**Data**
◆ ◆ ◆ ◆ ◆

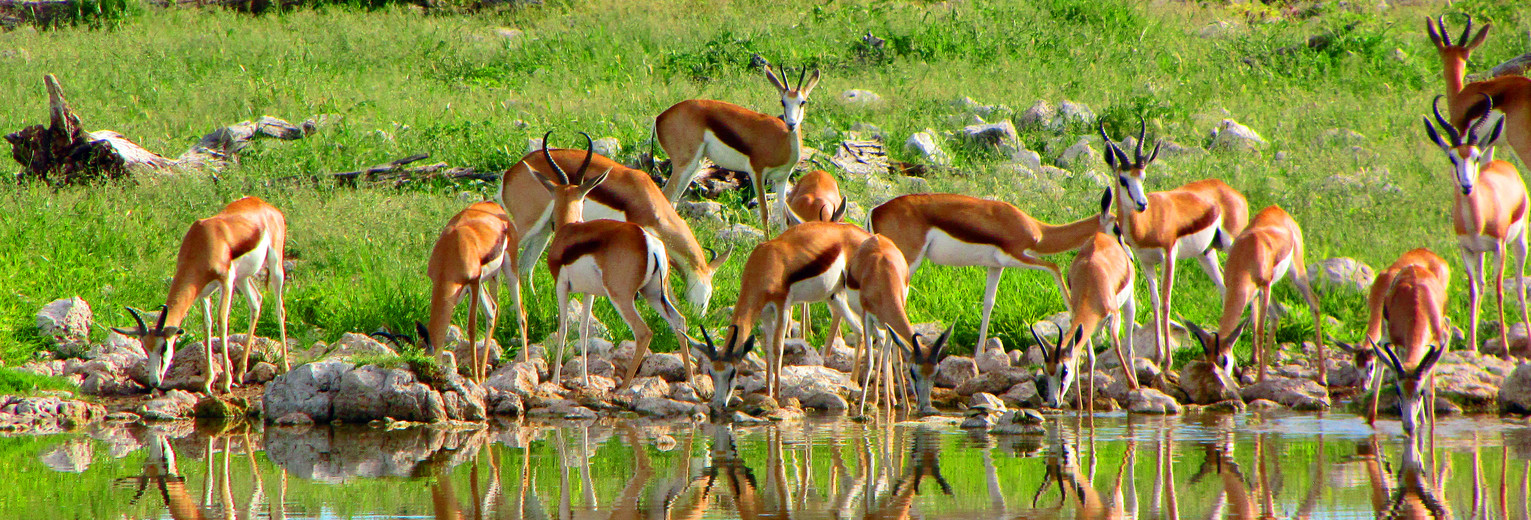 Wildleven spotten In Etosha, Namibië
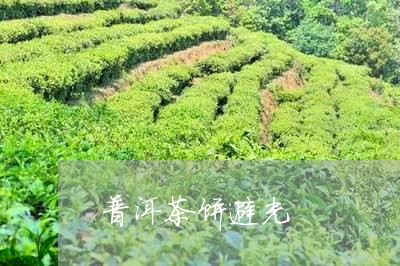 普洱茶饼避光/2023042768911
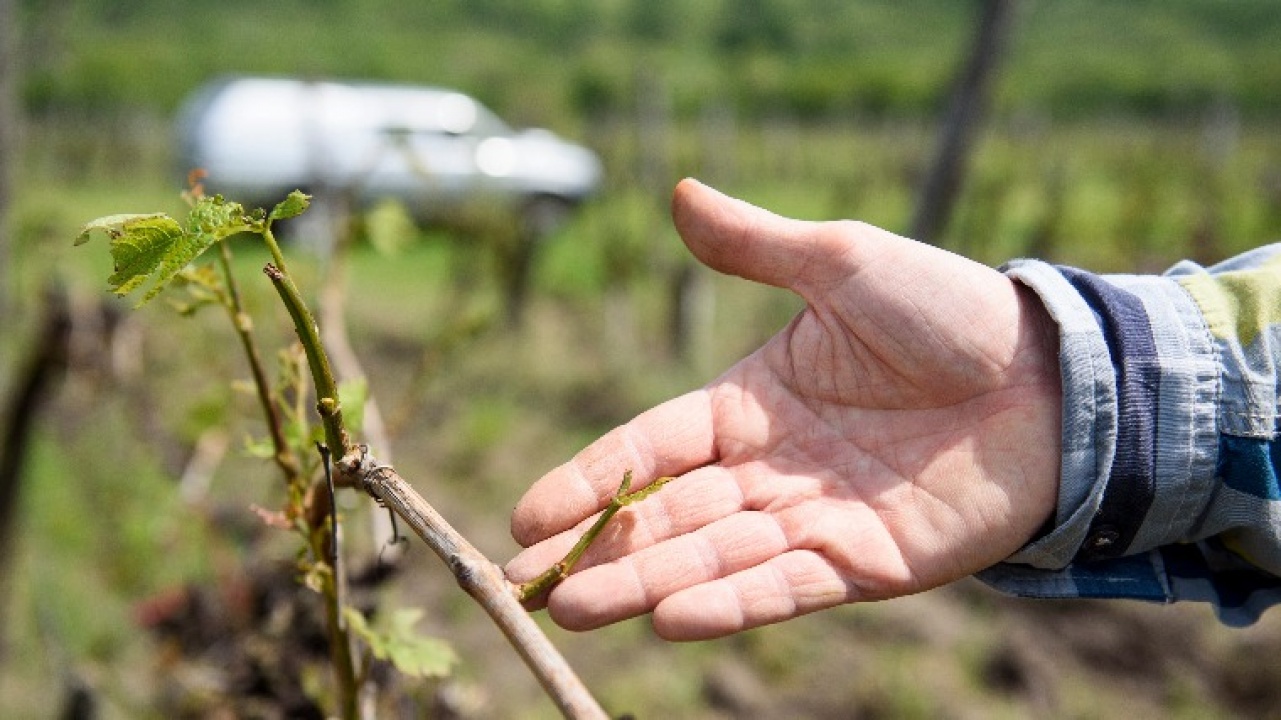 Jövő májustól működik az országos jégkár-mérséklő rendszer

◆ ◆ ◆ ◆ ◆

**Work to be completed**
Up to and including the last line of the listing, starting at the line with "普洱茶饼避光/2023042768911", extract every line exactly and leave out the pictures.

**Answer for this exercise**
 普洱茶饼避光/2023042768911
 Jövő májustól működik az országos jégkár-mérséklő rendszer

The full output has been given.